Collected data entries
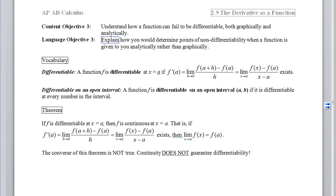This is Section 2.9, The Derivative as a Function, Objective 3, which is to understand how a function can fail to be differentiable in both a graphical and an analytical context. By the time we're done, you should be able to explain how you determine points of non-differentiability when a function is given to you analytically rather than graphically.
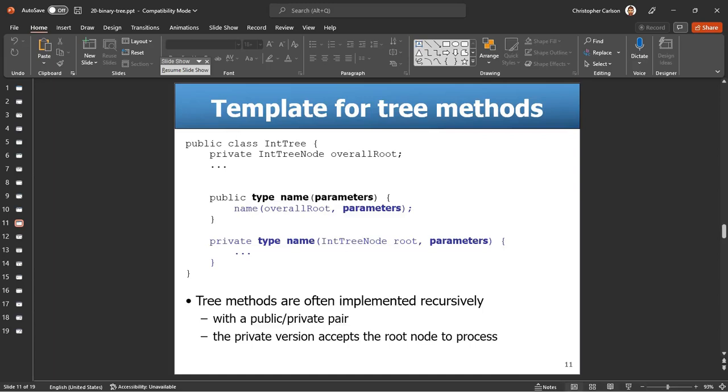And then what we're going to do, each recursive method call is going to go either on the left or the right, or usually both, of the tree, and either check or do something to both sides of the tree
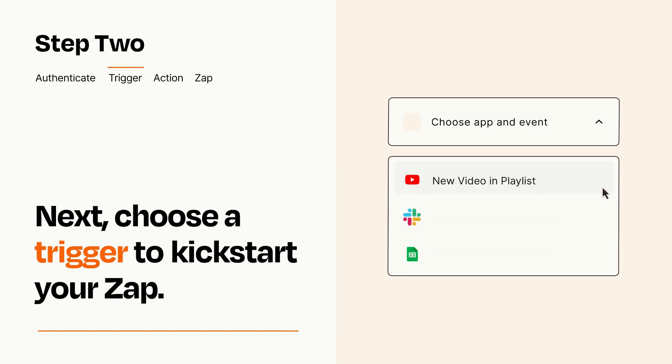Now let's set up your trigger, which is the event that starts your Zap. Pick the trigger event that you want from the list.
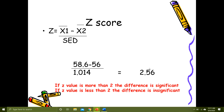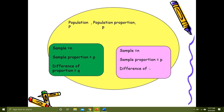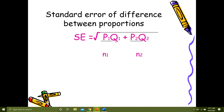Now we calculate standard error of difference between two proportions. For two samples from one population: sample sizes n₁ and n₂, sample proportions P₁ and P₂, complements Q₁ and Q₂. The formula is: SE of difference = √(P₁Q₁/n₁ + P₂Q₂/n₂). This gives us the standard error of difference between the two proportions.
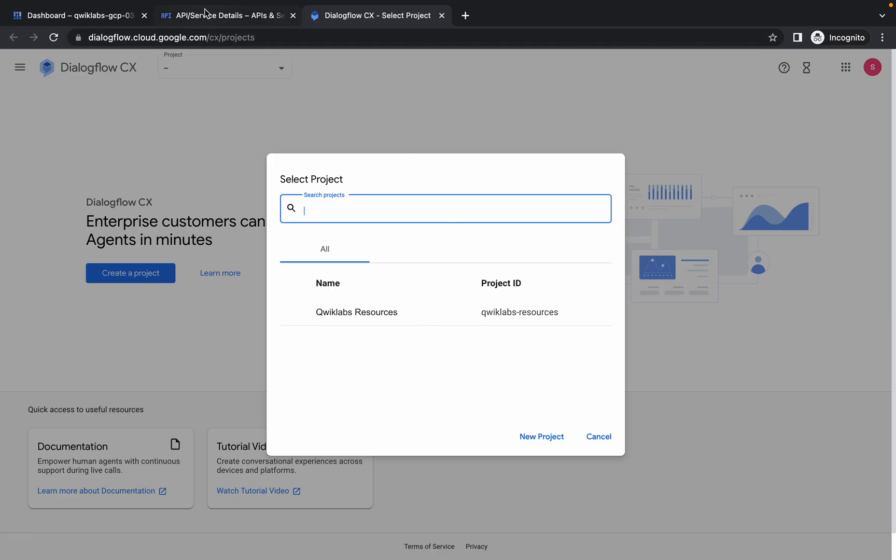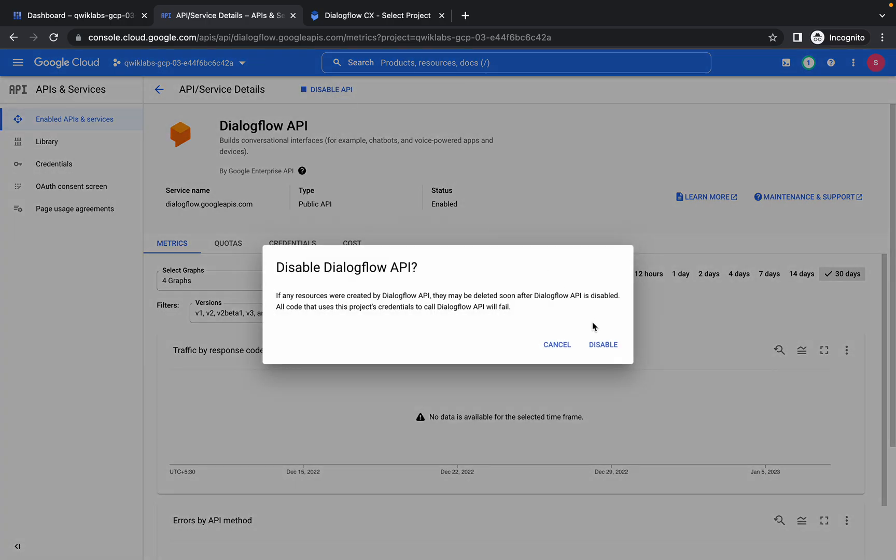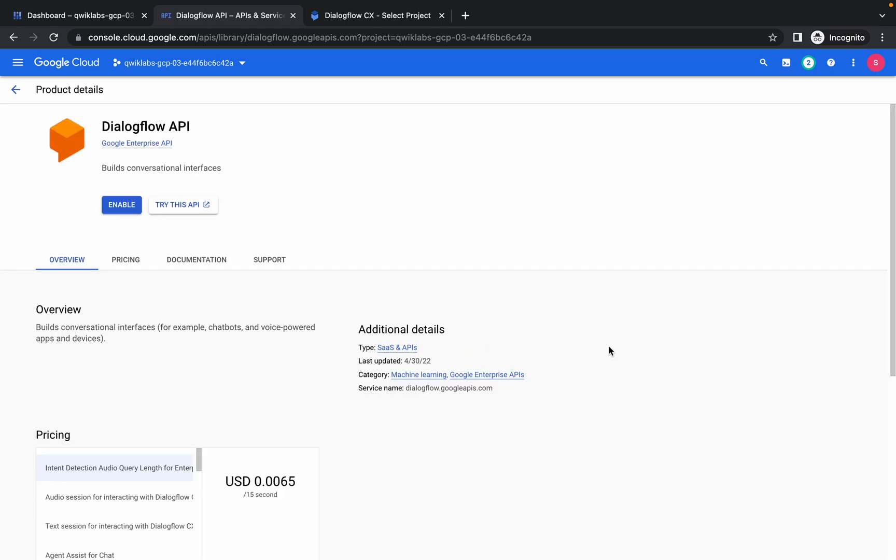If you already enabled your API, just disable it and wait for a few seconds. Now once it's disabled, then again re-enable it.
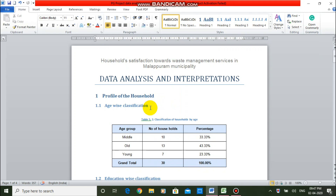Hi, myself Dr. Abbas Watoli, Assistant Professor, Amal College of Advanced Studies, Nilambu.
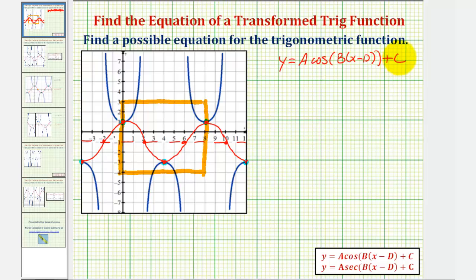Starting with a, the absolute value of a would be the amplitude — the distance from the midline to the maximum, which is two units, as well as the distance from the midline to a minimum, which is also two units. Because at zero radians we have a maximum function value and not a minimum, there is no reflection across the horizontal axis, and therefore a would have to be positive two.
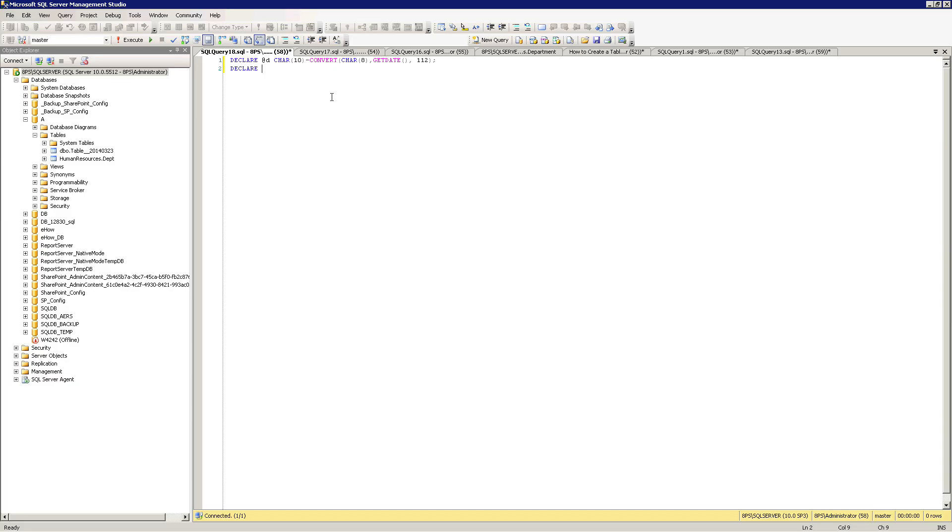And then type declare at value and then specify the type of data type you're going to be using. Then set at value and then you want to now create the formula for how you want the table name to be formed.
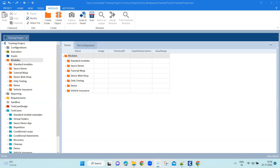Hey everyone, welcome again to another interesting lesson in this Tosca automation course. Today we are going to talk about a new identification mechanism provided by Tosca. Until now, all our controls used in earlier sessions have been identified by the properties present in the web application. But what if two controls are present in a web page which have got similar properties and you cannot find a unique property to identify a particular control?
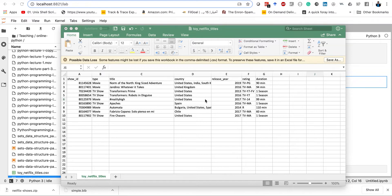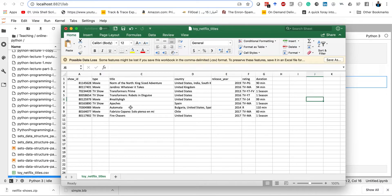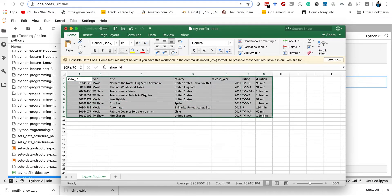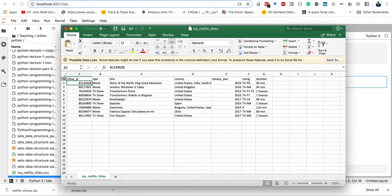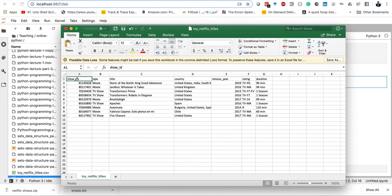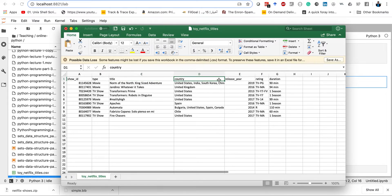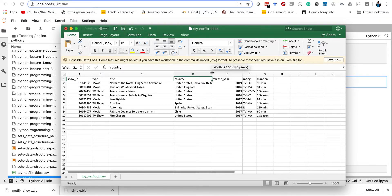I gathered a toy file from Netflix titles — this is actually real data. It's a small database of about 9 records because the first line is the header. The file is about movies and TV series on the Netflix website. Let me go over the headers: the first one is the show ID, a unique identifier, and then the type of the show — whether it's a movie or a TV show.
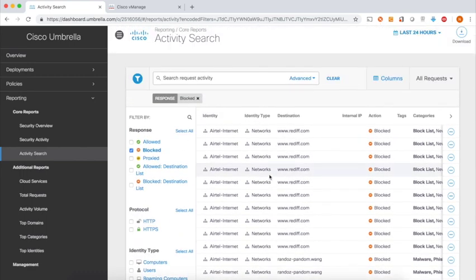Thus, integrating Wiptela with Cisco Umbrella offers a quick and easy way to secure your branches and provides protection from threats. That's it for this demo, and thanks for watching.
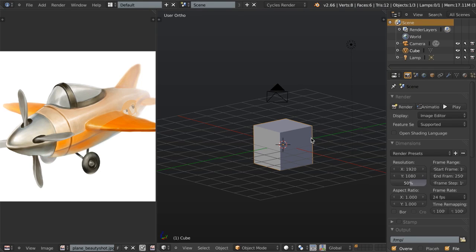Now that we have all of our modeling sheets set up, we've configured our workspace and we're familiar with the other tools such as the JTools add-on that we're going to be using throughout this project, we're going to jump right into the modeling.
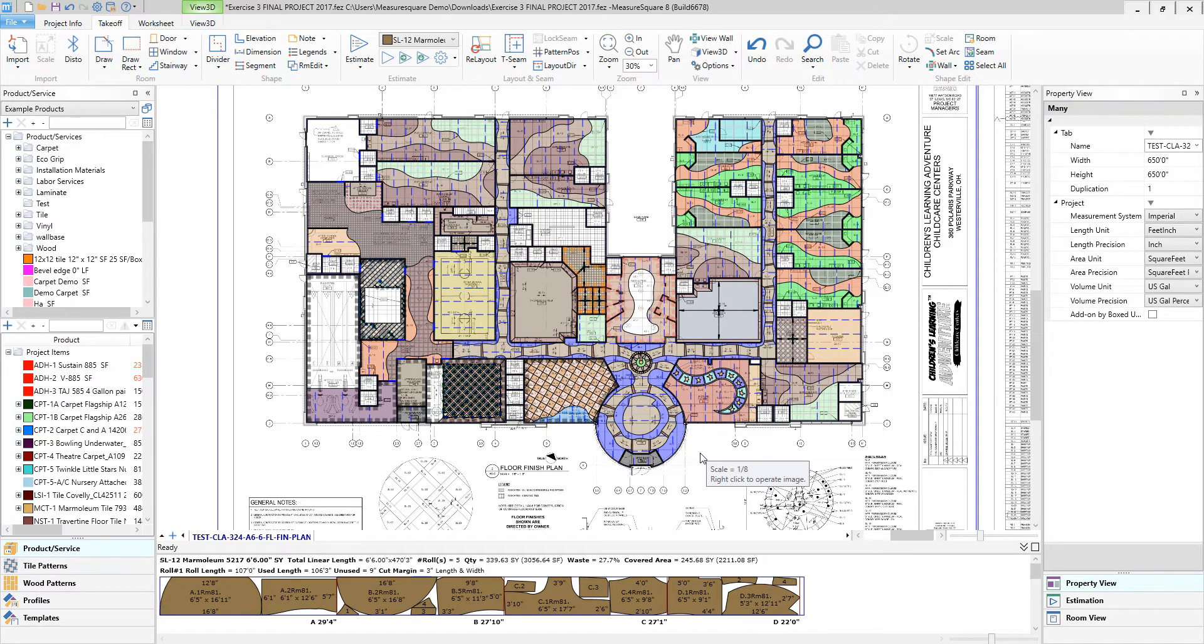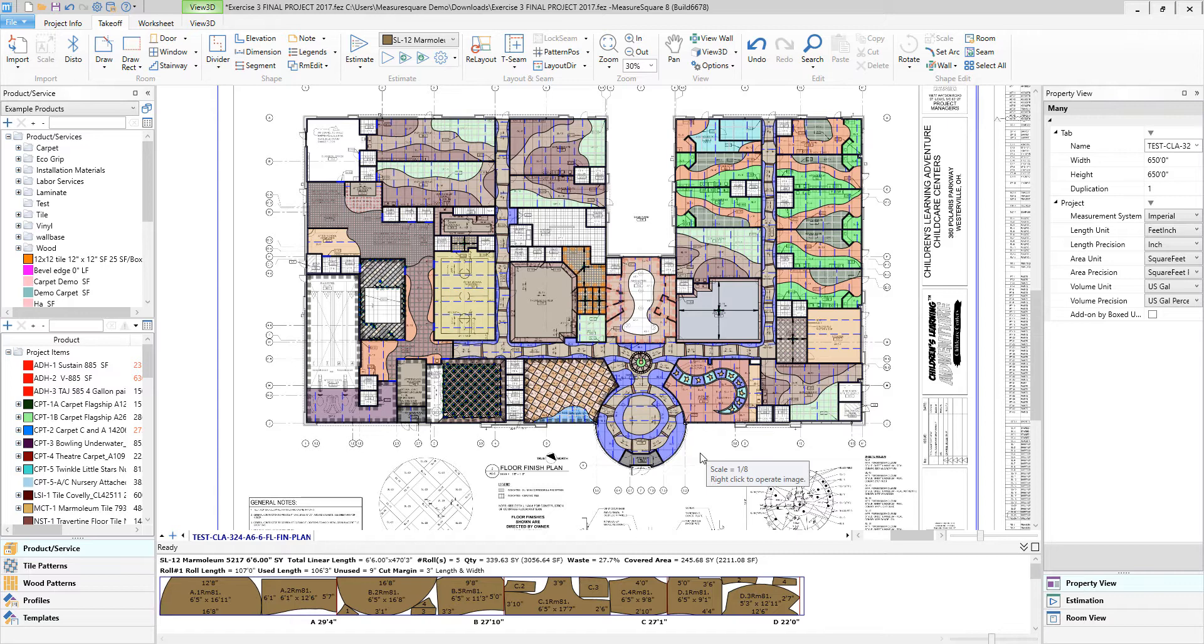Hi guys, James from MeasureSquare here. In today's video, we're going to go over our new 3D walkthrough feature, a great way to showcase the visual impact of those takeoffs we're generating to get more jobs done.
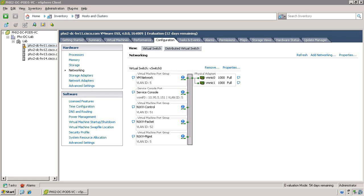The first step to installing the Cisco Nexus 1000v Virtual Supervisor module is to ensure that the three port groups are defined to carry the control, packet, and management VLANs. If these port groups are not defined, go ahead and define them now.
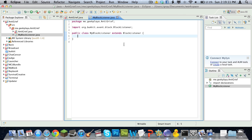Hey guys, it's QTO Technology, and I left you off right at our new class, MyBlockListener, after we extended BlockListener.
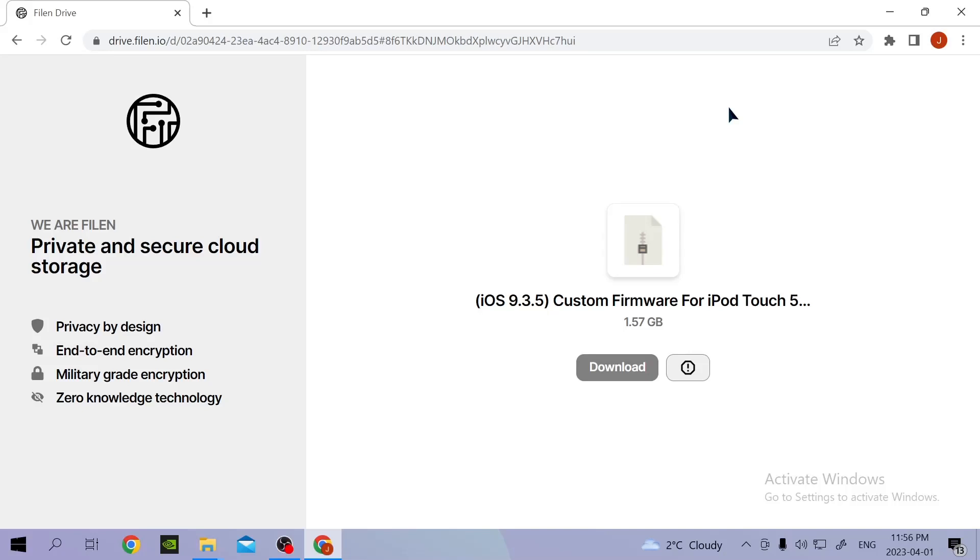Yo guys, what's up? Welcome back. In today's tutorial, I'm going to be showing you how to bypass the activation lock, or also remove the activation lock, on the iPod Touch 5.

WHAT TO DO → Lines from the one above containing "Hi, myself Dr." down to the one containing "And then type" should be transcribed exactly, with both ends kept and no pictures.

ANSWER BOX →
Hi, myself Dr. Abbas Watoli, Assistant Professor, Amal College of Advanced Studies, Nilambu.
Starting with a, the absolute value of a would be the amplitude — the distance from the midline to the maximum, which is two units, as well as the distance from the midline to a minimum, which is also two units. Because at zero radians we have a maximum function value and not a minimum, there is no reflection across the horizontal axis, and therefore a would have to be positive two.
And then type declare at value and then specify the type of data type you're going to be using. Then set at value and then you want to now create the formula for how you want the table name to be formed.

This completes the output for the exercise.